Airlines rush to tighten cockpit rules after Alpine disaster
27 March 2015
Airlines from Europe and the UK to the US have taken steps to ensure the presence of at least two crew-members in the cockpit at all times. But the Indian aviation authority remains silent.
Airlines and policy makers rushed to mandate that two crew members be in the cockpit at all times following revelations that the co-pilot of the Germanwings air disaster deliberately crashed the plane when left alone at the controls.
British low-cost carrier easyJet was the largest company to announce a change in policy Thursday after French prosecutors said co-pilot Andreas Lubitz locked out the pilot before slamming the Airbus A320 into a mountain on Tuesday.
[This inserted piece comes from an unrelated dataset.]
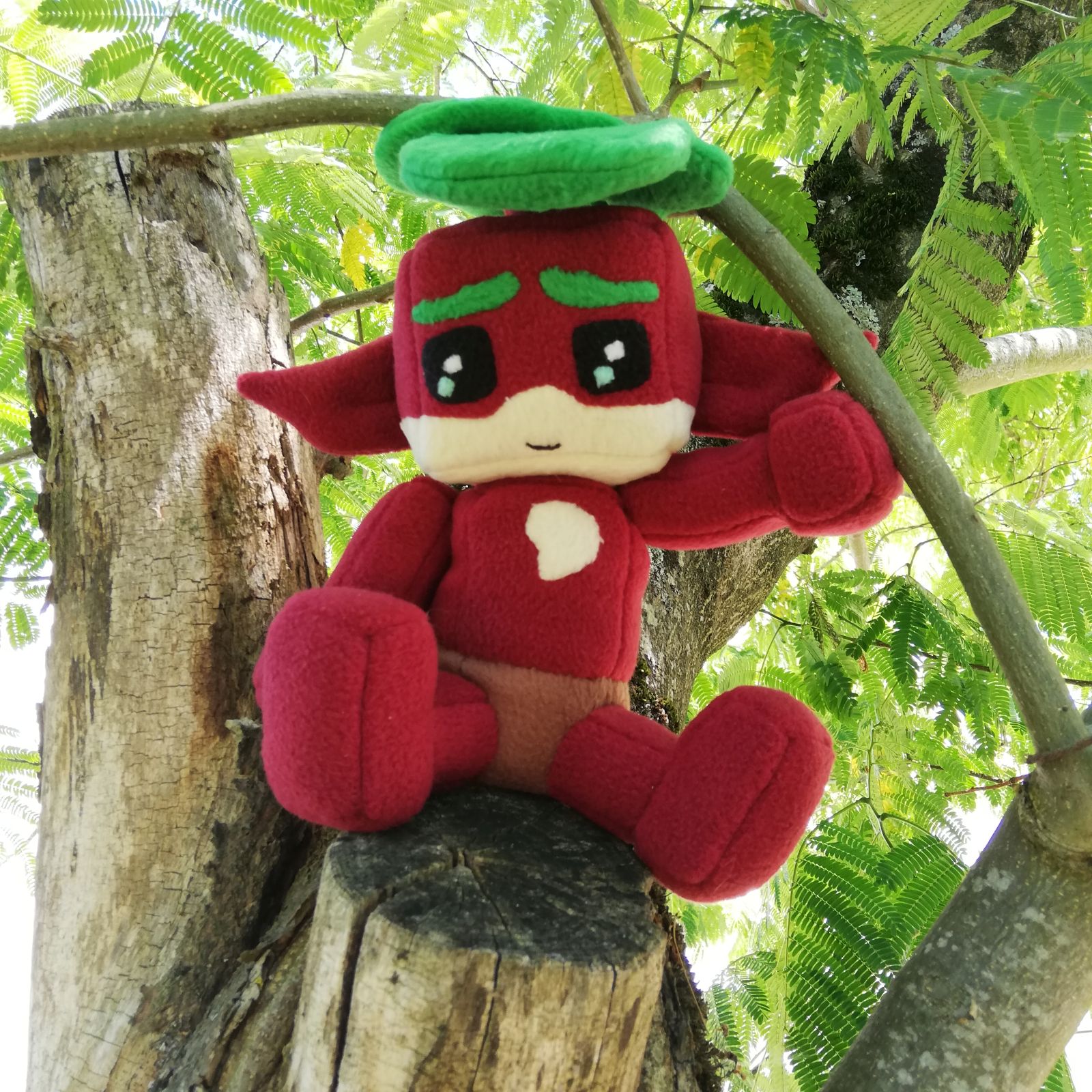 Профессиональная мягкая игрушка Квибека (Kweebec) ручной работы с зелёным телом, лиственными деталями и милым выражением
Similar announcements of tighter cockpit controls in the wake of the French Alps crash that killed all 150 people on board came from the Canadian government, Icelandair and Norwegian Air Shuttle.
There is absolutely no word on whether the Indian civil aviation authority has considered such a move, although the country is regularly hit by terrorist groups.
Germany's aviation association BDL said it too wanted to introduce a two-person cockpit rule among its members, while Lufthansa said the measure would be discussed at an industry meeting on Friday.
The second person could be a flight attendant if the pilot or co-pilot has to exit the cockpit in flight.
Thomas Hesthammer, head of flight operations at Norwegian Air Shuttle, Europe's third-largest low-cost carrier, said the Alps disaster was the trigger for his company's change of procedure. "We have been discussing this for a long time but this episode speeded things up," he said.
Icelandair said it too had been spurred to act by the shock revelations about the final minutes of Germanwings Flight 4U 9525 from Barcelona to Duesseldorf.
Canada also ordered all its airlines to always have two people in the cockpit, in an emergency directive which the government said was mandatory and effective immediately.
"If you're carrying passengers, this is going to apply to you," Canada's transportation minister Lisa Raitt said. "You have to have two crew members in the flight deck at all times."
Canada's flagship carrier Air Canada, Westjet and charter airline Air Transat had earlier said they were putting the policy in place in response to the Germanwings crash.
In Europe, any other airlines that follow suit will do so voluntarily because European air safety regulations - unlike those in the United States and now Canada - are currently silent on the subject.
"The European Aviation Safety Agency rules don't require that the pilot be replaced by a crew member when he leaves the cockpit," said an agency spokesman.
Pilots, however, are expected to stay at the controls, except for trips to the bathroom or a break during long-haul flights.
American regulators at the Federal Aviation Administration already require a crew member sit in the locked cockpit if one of the plane's pilots needs to go the toilet or take care of another "physiological" need.
Investigators suspect the Germanwings pilot left the flight deck to relieve himself, putting 28-year-old Lubitz in charge.